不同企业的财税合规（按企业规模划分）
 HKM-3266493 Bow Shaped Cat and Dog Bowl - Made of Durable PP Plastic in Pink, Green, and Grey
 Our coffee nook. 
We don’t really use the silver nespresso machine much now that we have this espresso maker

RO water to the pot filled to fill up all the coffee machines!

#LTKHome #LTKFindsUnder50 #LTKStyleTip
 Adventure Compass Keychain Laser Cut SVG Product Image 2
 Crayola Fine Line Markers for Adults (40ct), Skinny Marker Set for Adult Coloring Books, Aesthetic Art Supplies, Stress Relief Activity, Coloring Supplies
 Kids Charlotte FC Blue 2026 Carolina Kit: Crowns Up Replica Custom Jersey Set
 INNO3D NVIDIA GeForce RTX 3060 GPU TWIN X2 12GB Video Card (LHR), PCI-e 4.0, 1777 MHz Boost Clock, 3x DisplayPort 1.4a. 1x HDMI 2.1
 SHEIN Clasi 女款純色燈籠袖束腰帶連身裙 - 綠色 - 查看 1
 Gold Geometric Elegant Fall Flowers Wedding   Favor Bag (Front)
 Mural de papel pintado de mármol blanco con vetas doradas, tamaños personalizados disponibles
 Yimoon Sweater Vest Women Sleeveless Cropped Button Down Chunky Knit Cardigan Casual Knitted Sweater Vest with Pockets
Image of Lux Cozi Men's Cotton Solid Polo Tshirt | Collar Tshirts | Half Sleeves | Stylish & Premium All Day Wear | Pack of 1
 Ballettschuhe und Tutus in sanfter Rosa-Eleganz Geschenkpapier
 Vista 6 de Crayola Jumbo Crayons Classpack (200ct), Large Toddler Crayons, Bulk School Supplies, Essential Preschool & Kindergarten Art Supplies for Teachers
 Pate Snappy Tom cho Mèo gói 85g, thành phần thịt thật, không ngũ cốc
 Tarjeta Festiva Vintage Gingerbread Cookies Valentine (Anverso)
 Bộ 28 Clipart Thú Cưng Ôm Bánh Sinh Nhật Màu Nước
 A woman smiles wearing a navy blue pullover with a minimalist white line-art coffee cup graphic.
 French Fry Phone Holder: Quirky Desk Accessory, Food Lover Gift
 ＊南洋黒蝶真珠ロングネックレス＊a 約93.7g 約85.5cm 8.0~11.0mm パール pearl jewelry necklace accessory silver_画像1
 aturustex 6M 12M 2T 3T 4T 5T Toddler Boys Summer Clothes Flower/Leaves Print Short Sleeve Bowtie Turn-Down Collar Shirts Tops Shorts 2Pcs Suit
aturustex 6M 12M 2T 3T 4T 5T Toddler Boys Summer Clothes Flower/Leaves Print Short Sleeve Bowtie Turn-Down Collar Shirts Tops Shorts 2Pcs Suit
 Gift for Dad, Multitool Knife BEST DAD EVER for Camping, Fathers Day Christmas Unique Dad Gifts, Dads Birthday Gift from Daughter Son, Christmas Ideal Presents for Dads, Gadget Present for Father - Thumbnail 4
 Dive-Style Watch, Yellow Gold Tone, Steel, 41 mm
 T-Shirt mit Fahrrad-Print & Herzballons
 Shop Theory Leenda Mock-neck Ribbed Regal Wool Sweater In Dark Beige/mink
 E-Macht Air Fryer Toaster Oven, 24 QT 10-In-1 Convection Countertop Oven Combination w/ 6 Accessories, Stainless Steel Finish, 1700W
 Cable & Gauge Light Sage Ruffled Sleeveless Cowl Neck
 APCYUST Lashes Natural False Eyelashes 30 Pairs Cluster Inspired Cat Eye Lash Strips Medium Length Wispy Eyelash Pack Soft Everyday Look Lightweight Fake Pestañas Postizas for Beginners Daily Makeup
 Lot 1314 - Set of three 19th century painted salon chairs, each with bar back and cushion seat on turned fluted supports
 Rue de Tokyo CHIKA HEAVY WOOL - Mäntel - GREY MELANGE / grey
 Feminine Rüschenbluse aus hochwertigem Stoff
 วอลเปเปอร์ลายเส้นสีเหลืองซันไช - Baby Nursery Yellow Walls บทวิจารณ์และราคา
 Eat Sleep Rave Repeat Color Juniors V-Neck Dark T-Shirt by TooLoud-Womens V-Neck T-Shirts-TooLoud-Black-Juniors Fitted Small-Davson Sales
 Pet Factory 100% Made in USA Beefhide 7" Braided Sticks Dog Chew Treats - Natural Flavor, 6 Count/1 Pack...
---
◆ WHAT IS NEEDED
Please reproduce the lines from the line with "SHEIN Clasi 女款純色燈籠袖束腰帶連身裙 - 綠色 - 查看 1" to the line with "T-Shirt mit Fahrrad-Print & Herzballons", both ends included, exactly as they appear above.

◆ YOUR SOLUTION
 SHEIN Clasi 女款純色燈籠袖束腰帶連身裙 - 綠色 - 查看 1
 Gold Geometric Elegant Fall Flowers Wedding   Favor Bag (Front)
 Mural de papel pintado de mármol blanco con vetas doradas, tamaños personalizados disponibles
 Yimoon Sweater Vest Women Sleeveless Cropped Button Down Chunky Knit Cardigan Casual Knitted Sweater Vest with Pockets
Image of Lux Cozi Men's Cotton Solid Polo Tshirt | Collar Tshirts | Half Sleeves | Stylish & Premium All Day Wear | Pack of 1
 Ballettschuhe und Tutus in sanfter Rosa-Eleganz Geschenkpapier
 Vista 6 de Crayola Jumbo Crayons Classpack (200ct), Large Toddler Crayons, Bulk School Supplies, Essential Preschool & Kindergarten Art Supplies for Teachers
 Pate Snappy Tom cho Mèo gói 85g, thành phần thịt thật, không ngũ cốc
 Tarjeta Festiva Vintage Gingerbread Cookies Valentine (Anverso)
 Bộ 28 Clipart Thú Cưng Ôm Bánh Sinh Nhật Màu Nước
 A woman smiles wearing a navy blue pullover with a minimalist white line-art coffee cup graphic.
 French Fry Phone Holder: Quirky Desk Accessory, Food Lover Gift
 ＊南洋黒蝶真珠ロングネックレス＊a 約93.7g 約85.5cm 8.0~11.0mm パール pearl jewelry necklace accessory silver_画像1
 aturustex 6M 12M 2T 3T 4T 5T Toddler Boys Summer Clothes Flower/Leaves Print Short Sleeve Bowtie Turn-Down Collar Shirts Tops Shorts 2Pcs Suit
aturustex 6M 12M 2T 3T 4T 5T Toddler Boys Summer Clothes Flower/Leaves Print Short Sleeve Bowtie Turn-Down Collar Shirts Tops Shorts 2Pcs Suit
 Gift for Dad, Multitool Knife BEST DAD EVER for Camping, Fathers Day Christmas Unique Dad Gifts, Dads Birthday Gift from Daughter Son, Christmas Ideal Presents for Dads, Gadget Present for Father - Thumbnail 4
 Dive-Style Watch, Yellow Gold Tone, Steel, 41 mm
 T-Shirt mit Fahrrad-Print & Herzballons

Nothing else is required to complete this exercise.